# [TASK REQUIREMENTS]
An exact reproduction is needed of every line from the beginning of the data down to and including the line that contains "Central Sofia Market Hall", minus the pictures.

# [THE INPUT]
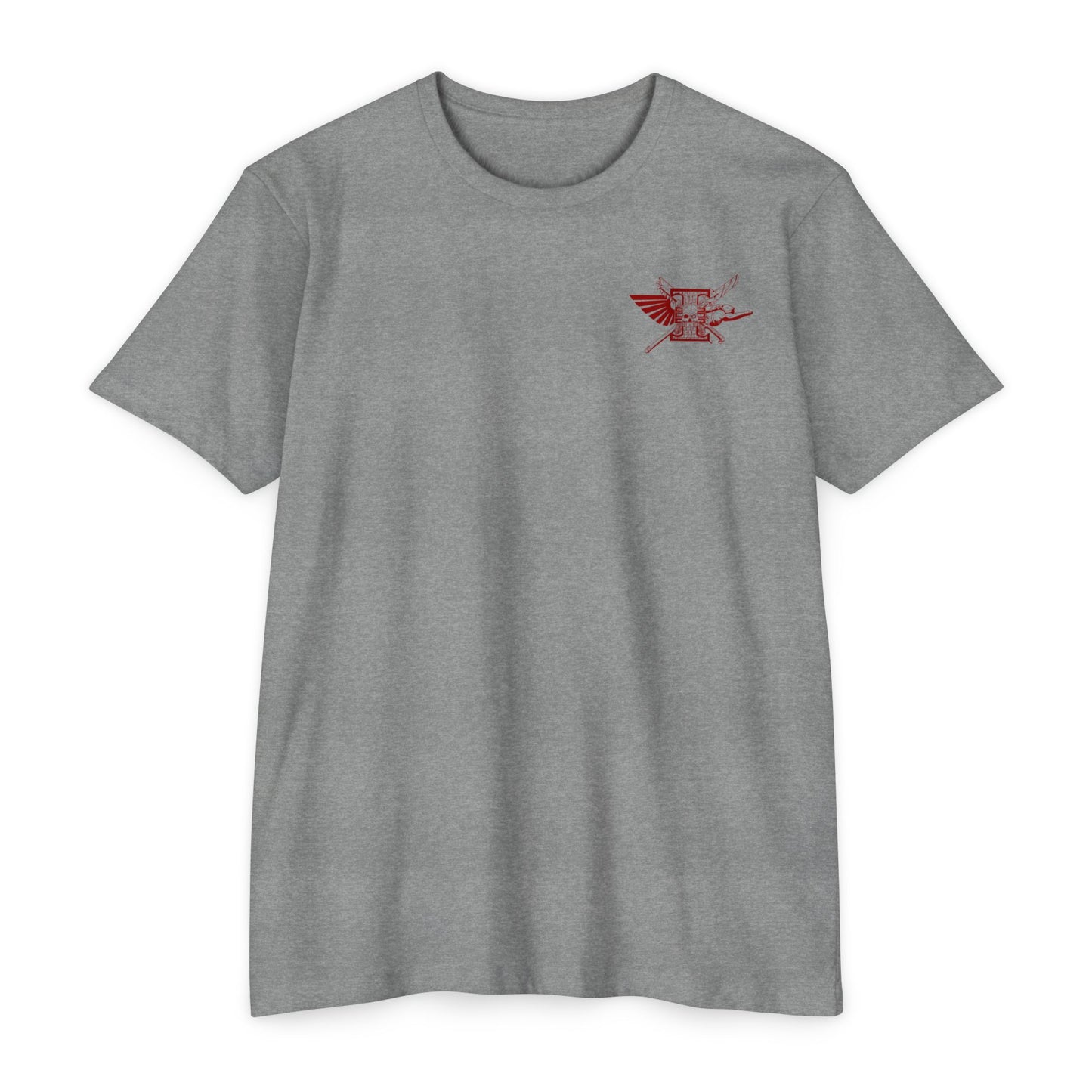 Death watch jack red Unisex CVC Jersey T-shirt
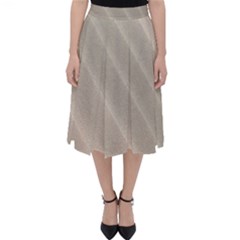 Sand Waves Classic Midi Skirt by artworkshop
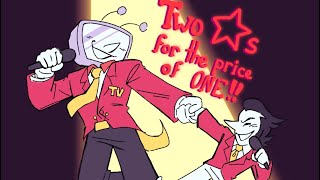 “That distant Shore” from Steven Universe | DELTARUNE Spamtenna Animatic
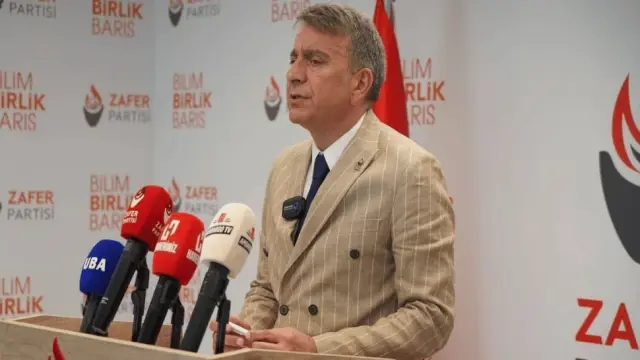 Zafer Partisi, Özdag için Selahattin Demirtas örnegini verdi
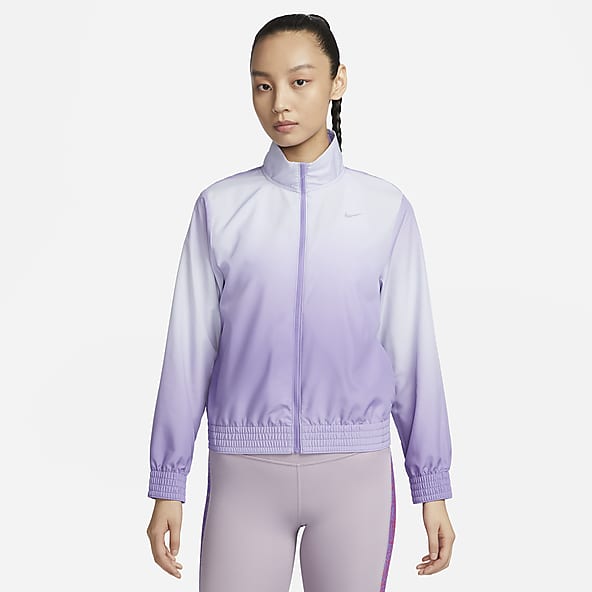 Womens Purple Dri FIT Jackets Vests. Nike JP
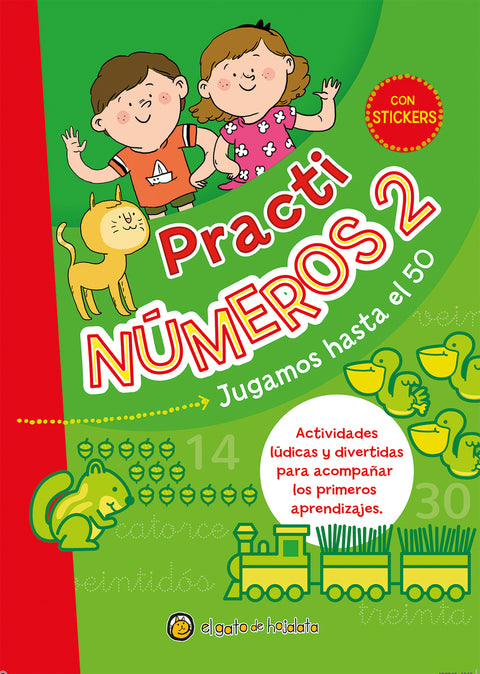  Practi Números 2: Jugamos hasta el 50 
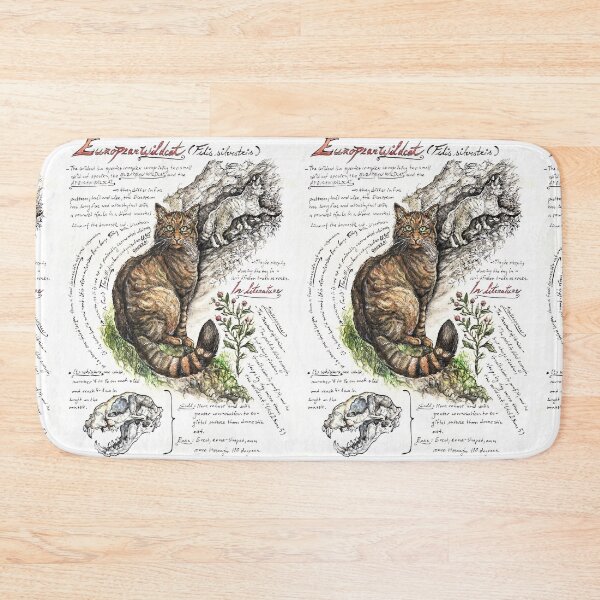 Item preview, Wildcat designed and sold by Carolwellart.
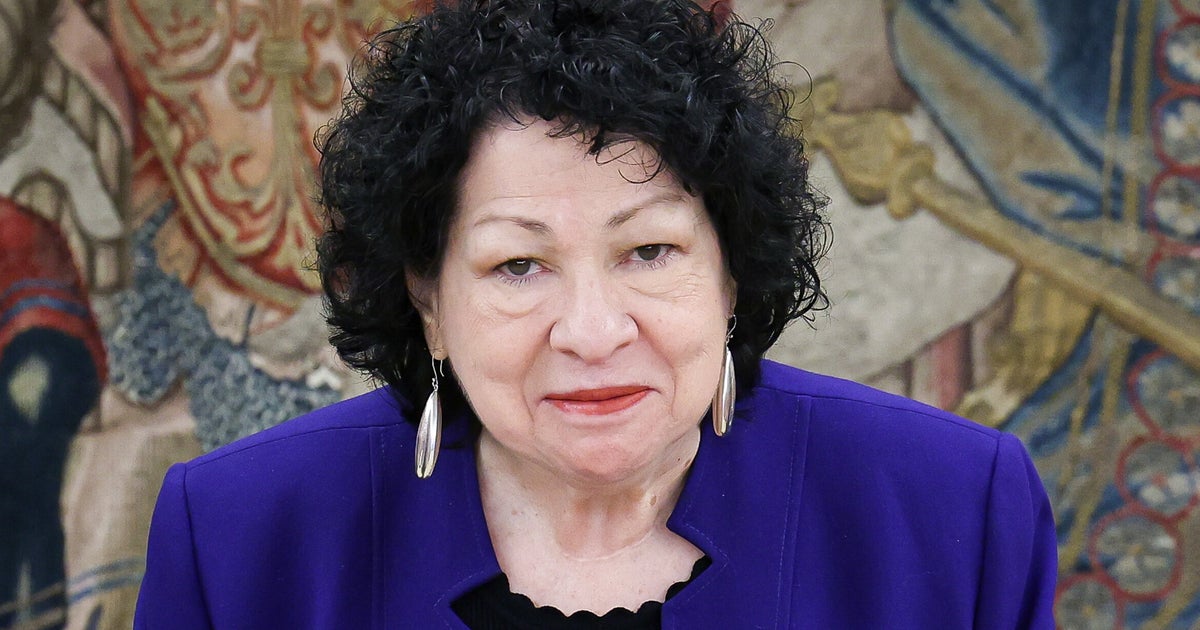 Sotomayor Warns Supreme Court's Bump Stock Ruling Will Have 'Deadly Consequences'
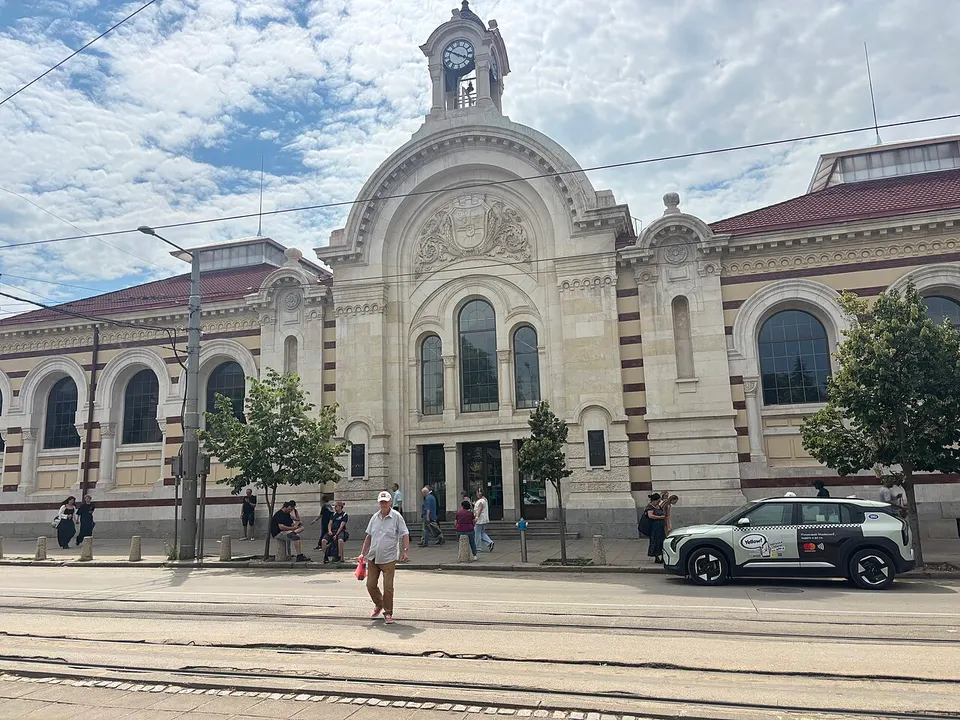 Central Sofia Market Hall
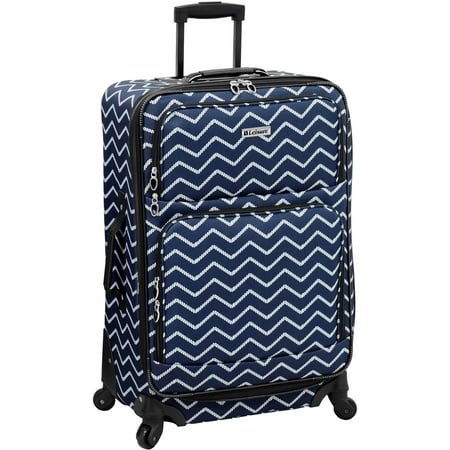 Leisure Luggage 25'' Lafayette Navy Rope Spinner Luggage Luggage 25 Inches Navy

# [TASK ANSWER]
 Death watch jack red Unisex CVC Jersey T-shirt
 Sand Waves Classic Midi Skirt by artworkshop
 “That distant Shore” from Steven Universe | DELTARUNE Spamtenna Animatic
 Zafer Partisi, Özdag için Selahattin Demirtas örnegini verdi
 Womens Purple Dri FIT Jackets Vests. Nike JP
  Practi Números 2: Jugamos hasta el 50 
 Item preview, Wildcat designed and sold by Carolwellart.
 Sotomayor Warns Supreme Court's Bump Stock Ruling Will Have 'Deadly Consequences'
 Central Sofia Market Hall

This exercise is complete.